For Table 2, defect density in the table refers to the number of defects per thousand lines of code (d/KSLOC) measured after delivery. KSLOC in this context is measured in equivalent lines of code to take modified, reused, generated and carryover code into account as noted earlier in the COCOMO II discussion. While there has been some work aimed at identifying how many defects developers should expect as they generate software products, these benchmarks vary a great deal as a function of process. However, these developmental defect rates can be used very effectively when the software process is controlled (i.e., as a function of process maturity) to predict the number of defects remaining in a build. This metric gives developers insight into whether they have tested enough assuming that they have set some goal for the numbers of defects remaining at delivery.
Table 2 Notes
- Projects are software development activities that result in delivery of a product to a customer. Under certain circumstances, theycan include increments when they are delivered to the customer for interim use as other increments are being developed.

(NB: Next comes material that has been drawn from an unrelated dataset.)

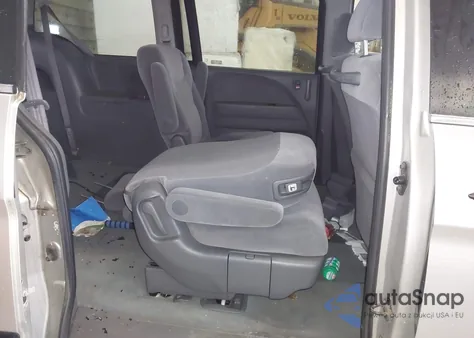 2007 Honda Odyssey Lx из США, поврежденный, VIN 5FNRL38217B042128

- Size in equivalent KSLOC uses the approach in Section 1 to address the following five categories of code: new, modified (segmented by major and minor changes), reused (designed for reuse), generated and carry-over (refactored for use as-is with no modifications; e.g., build 1 code used in build 2).
- Range of productivity for these 2010 benchmarks have the average value denoted in parentheses. The definition of the life cycle scope and what labor is included in the computation is as noted in Section 1.
- Refers to the average number of defects per thousand SLOC after delivery. These defect rates have held relatively constant across the decade because they have been established as goals of the development.
- Was Data Processing in the 2000 benchmark article.
- Most of the data collected for these benchmarks were submitted using function points. Function points were converted to lines of code so that measures reported could be normalized. Conversion factors were developed to take into account the mix of programming languages employed, reuse and other factors based on guidance provided by IFPUG (International Function Point Users Group).
- These five applications domains are new for the 2010 benchmark.
- Was Environments/Tools in 2000 benchmark article.
- The root cause of productivity being substantially lower in the military-info tech domain than its commercial counterpart revolves around the amount of rigor and degree of governance applied, not the defect rates established as goals.
As summarized Figure 1, the net productivity improvement across the decade ranges from between 2 to 3 percent per year independent of whatever was viewed as the newest software salvation. Table 3 summarizes the degree of software productivity improvement experienced by sector and application domain using the norms established in 2000 that are noted in the Table and used as our basis for increases [10]. The reason the rate is lower than might be expected is that current requirements are tougher and software products that we are building are getting bigger and more complex. Based on these findings, the community needs to set more realistic goals as they continuously introduce technology to make it easier to develop our products (i.e., our make technology). However, even at such levels these modified productivity improvement goals are sufficient to expend funds on new technology especially when compelling technical and economic arguments are made to justify investments [11]. However, you will need to select the technologies carefully and take charge of the risk involved in making the systematic transition to its widespread use [12]. Else, the technology you try to use may rapidly overwhelm you and your chances of success will diminish accordingly.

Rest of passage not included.